◆ ASSIGNED TASK ◆
Give every line of the material back exactly, images removed.

(DATA EXTRACT Opens)

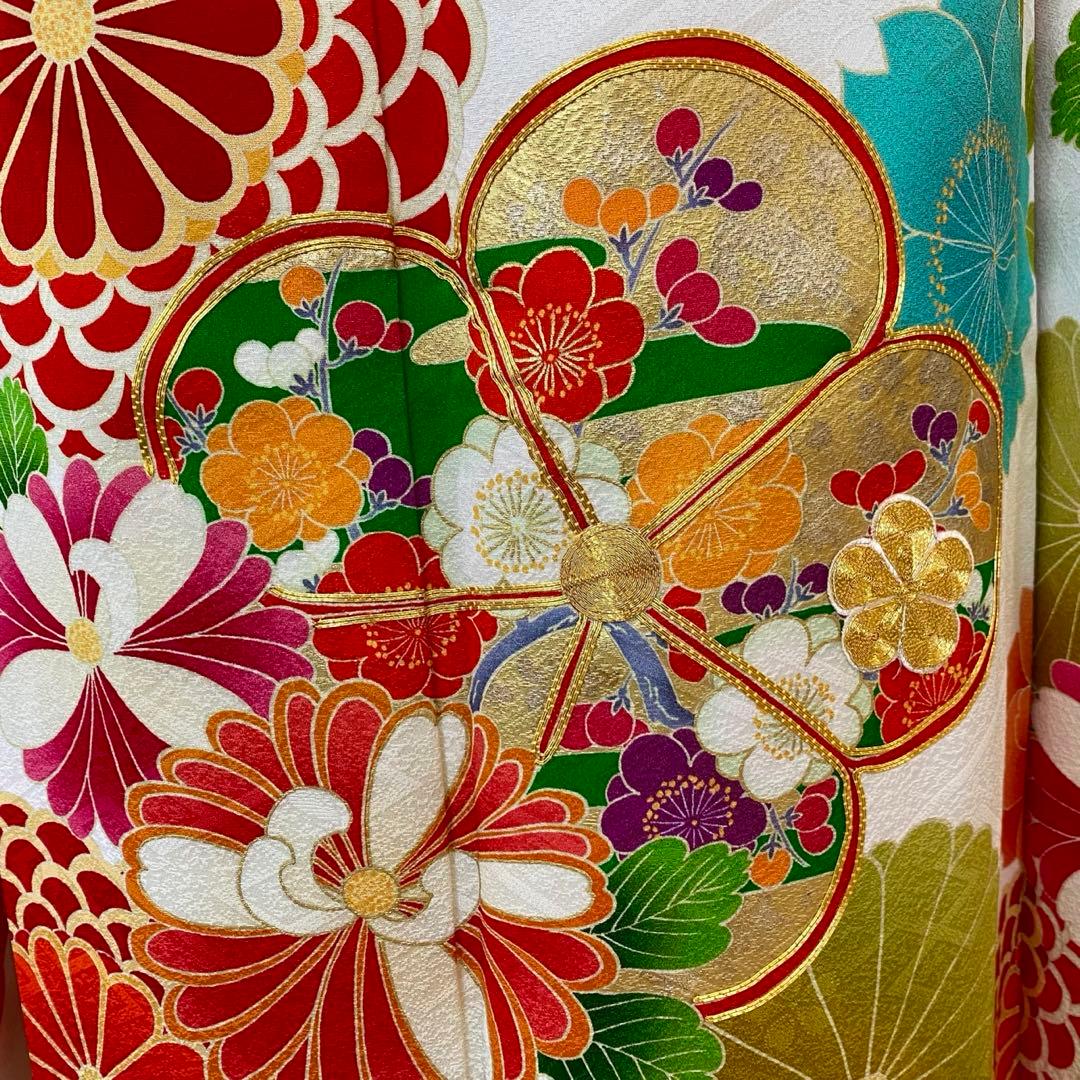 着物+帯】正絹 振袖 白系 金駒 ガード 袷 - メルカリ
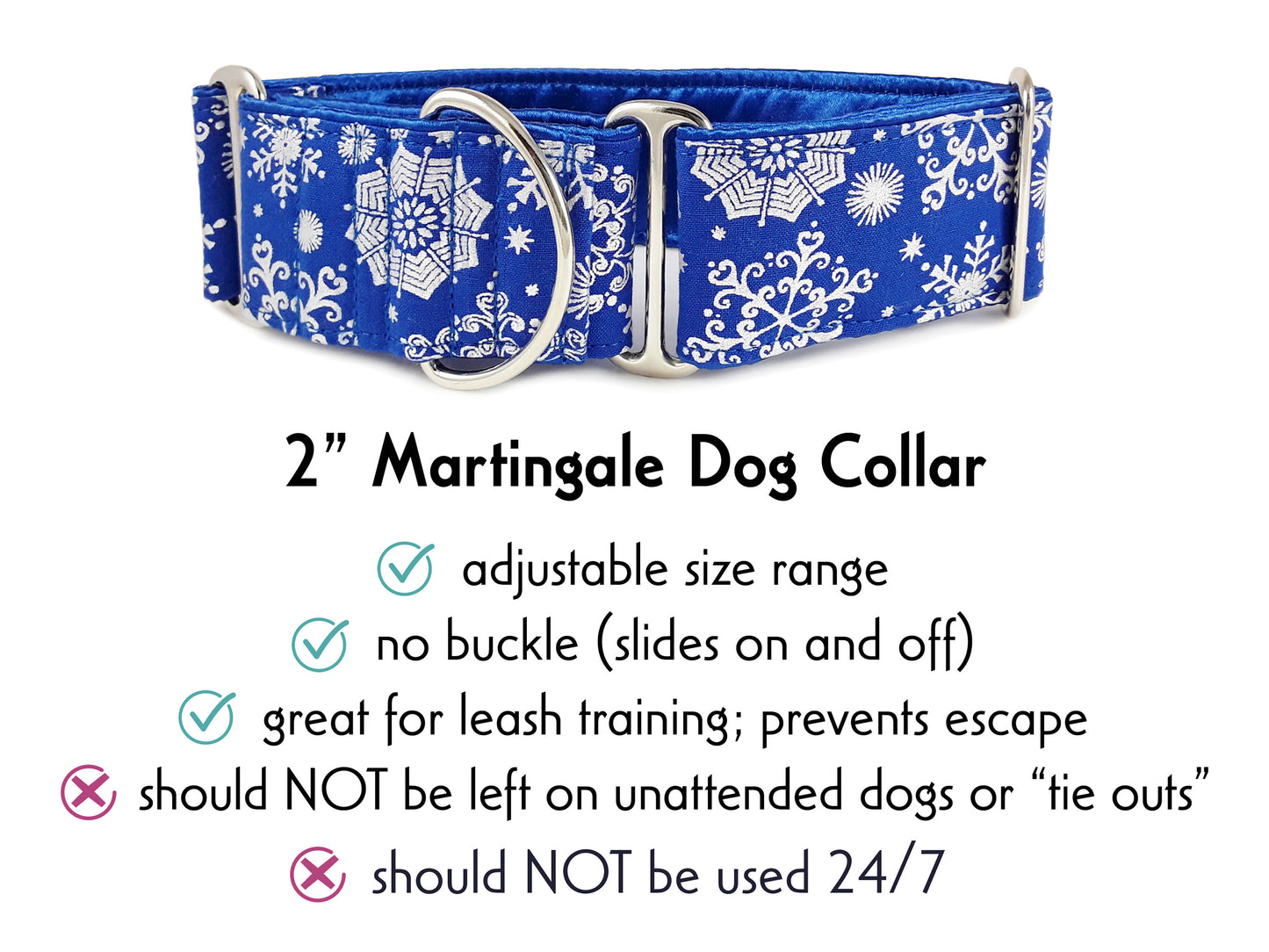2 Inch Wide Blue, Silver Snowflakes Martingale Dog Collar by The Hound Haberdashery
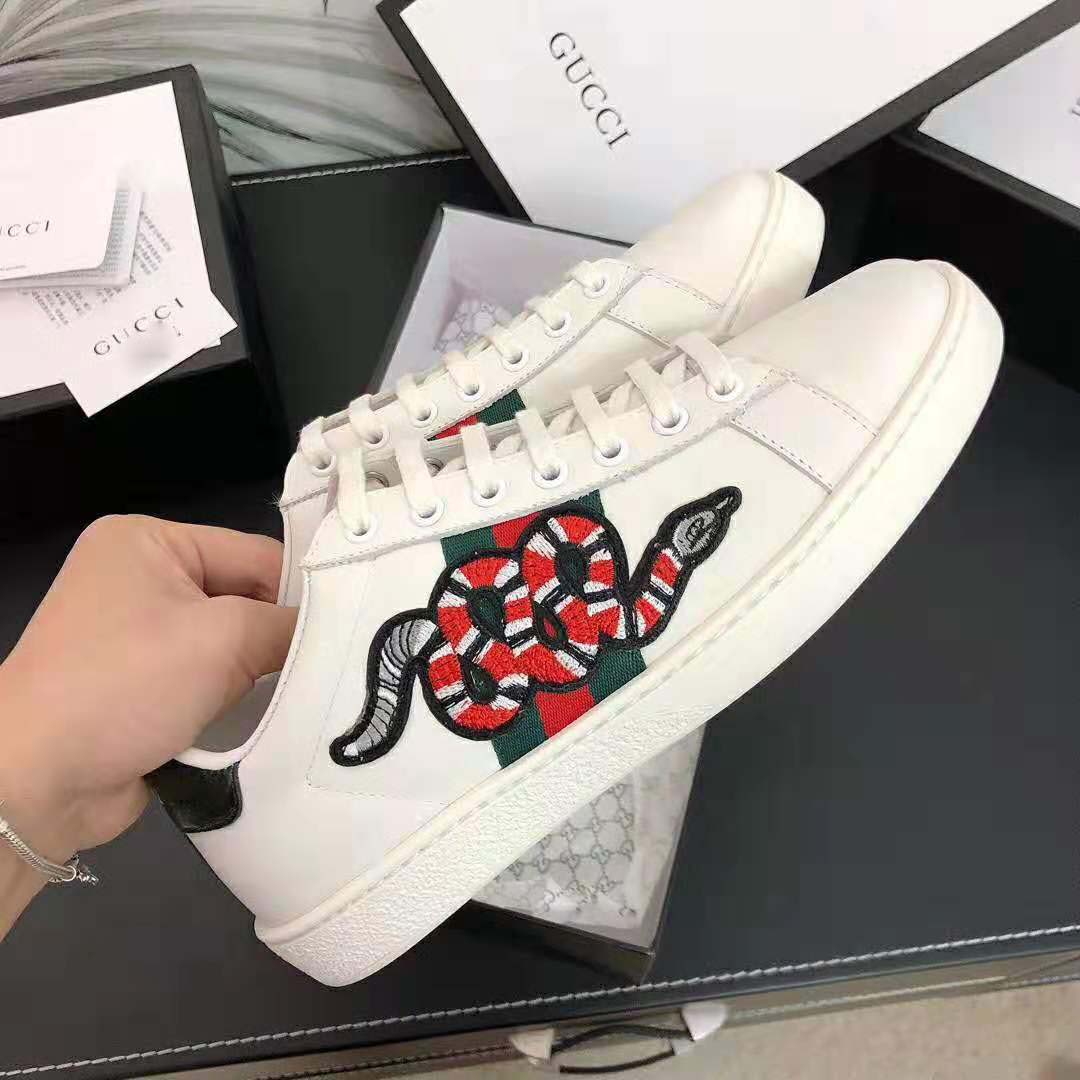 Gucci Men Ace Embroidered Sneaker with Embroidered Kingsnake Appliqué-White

(DATA EXTRACT Closes)

◆ REPLY TO THE TASK ◆
 着物+帯】正絹 振袖 白系 金駒 ガード 袷 - メルカリ
2 Inch Wide Blue, Silver Snowflakes Martingale Dog Collar by The Hound Haberdashery
 Gucci Men Ace Embroidered Sneaker with Embroidered Kingsnake Appliqué-White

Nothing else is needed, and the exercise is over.